FIG. 4 depicts an embodiment of the device of FIG. 1 as a polarization rotator. The drive rod 450 is coupled to an accurate positioning device, such as a servo-drive motor or a stepper motor 495. The driven coaxial center conductor is continued into a circular waveguide section 425 and formed into a polarization sensitive probe 485. The desired polarization to be coupled through the device may be readily selected by the external drive. The fixed polarization end of the device is terminated in a rectangular waveguide 417. The orientation shown in the figure is in line with the circular waveguide 425. However, the attitude of the rectangular waveguide is limited only by the type of waveguide to coaxial junction selected.
FIG. 5 is an embodiment of the invention in a polarizer wherein the fixed polarization end is terminated in a connector 525 instead of a waveguide. This connector could just as well be a direct connection to a microwave device such as an amplifier, mixer, or down-converter.

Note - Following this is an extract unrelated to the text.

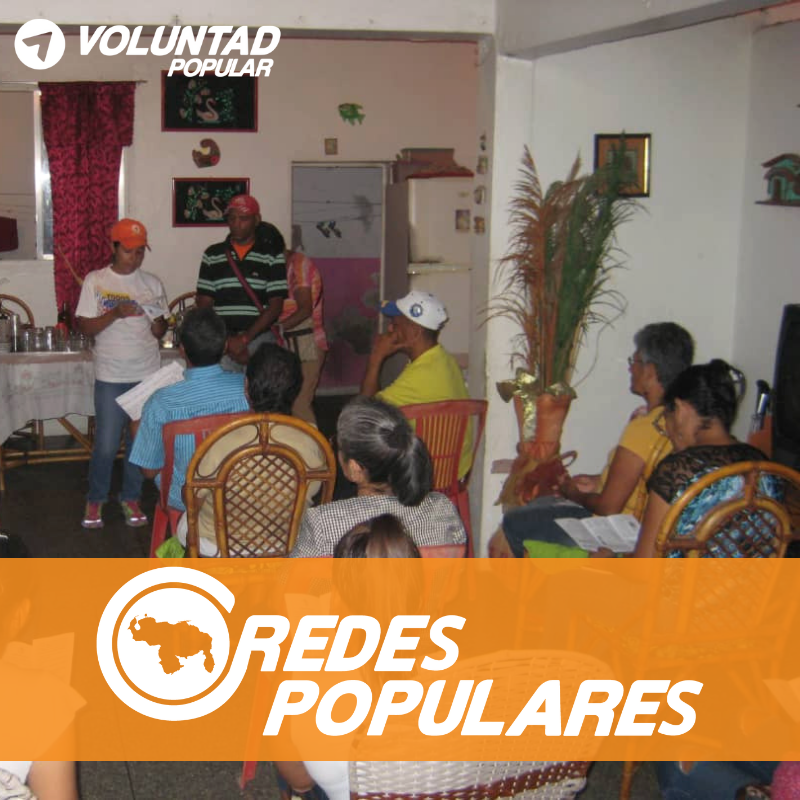 RedesVP's tweet photo. Conformación y juramentacion de red popular y Comite de AyL del sector San Luis, Parroquia Ayacucho. Municipio Sucre 1. Luego se conformo y juramento la Red Popular del Sector Valle Verde, Parroquia Valentín Valiente 1. https://t.co/Dzz7urdUPJ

FIG. 6 is an embodiment of the invention into a rotary junction for an antenna gimbal or similar application wherein the gimbal position may be coupled to external position sensing means without the need for gears or slip rings for the positional data. In FIG. 6, the rotatable section 687 is supported by bearings 655 allowing rotation with respect to the outer shell 615. The rotatable section 687 is used to form the axle of the gimbal and is driven by rotary energy means about the rotatable axle which also forms the coupled transmission line outer conductor. The rotatable inner conductor 680 is fixed with respect to the outer conductor such that rotation of the axle causes said inner conductor, and hence the plastic rod 650 to rotate. The plastic rod is connected to external position sensing means to accurately determine the position of the gimbal.